Dataset excerpts:
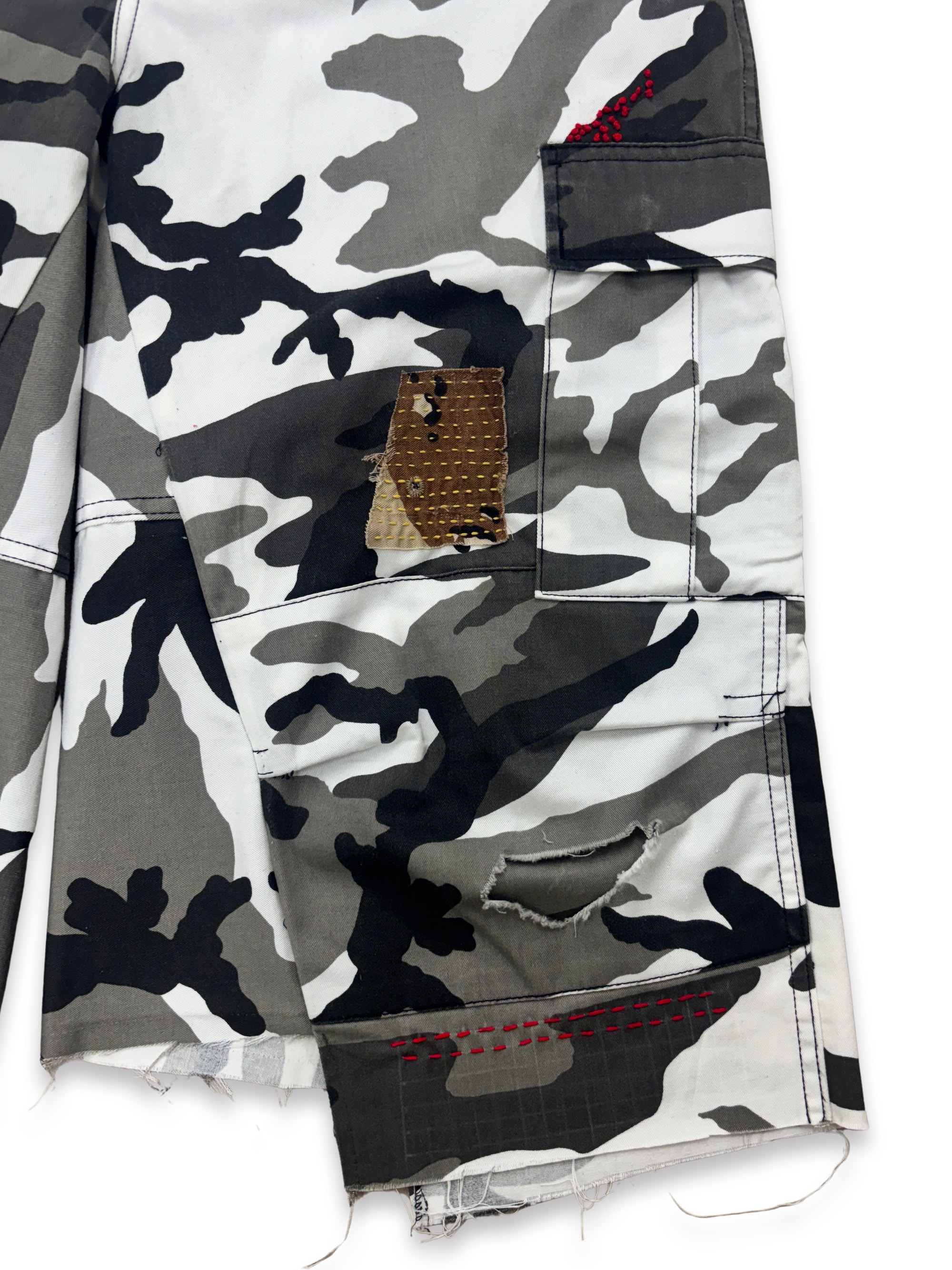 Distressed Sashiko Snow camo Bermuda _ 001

* * *

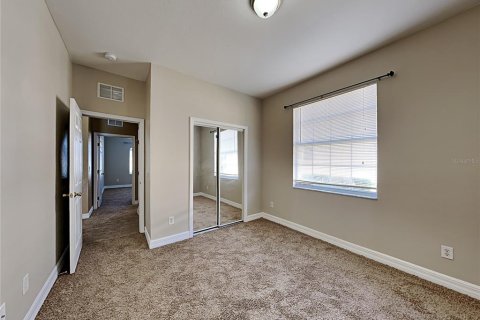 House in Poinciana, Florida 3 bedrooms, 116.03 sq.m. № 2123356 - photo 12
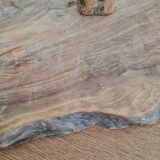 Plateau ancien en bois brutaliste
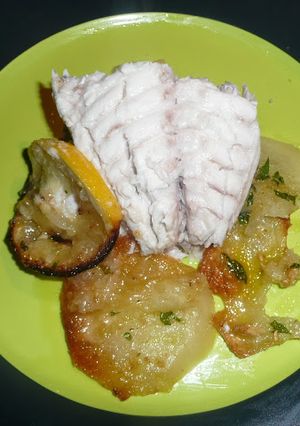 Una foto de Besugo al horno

---

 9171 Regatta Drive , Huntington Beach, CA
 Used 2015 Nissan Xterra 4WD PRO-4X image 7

The task: Your answer is the exact run of lines above from the one with "House in Poinciana, Florida" through the one with "Una foto de Besugo al horno", both ends included, minus any picture.

Result for this task:
 House in Poinciana, Florida 3 bedrooms, 116.03 sq.m. № 2123356 - photo 12
 Plateau ancien en bois brutaliste
 Una foto de Besugo al horno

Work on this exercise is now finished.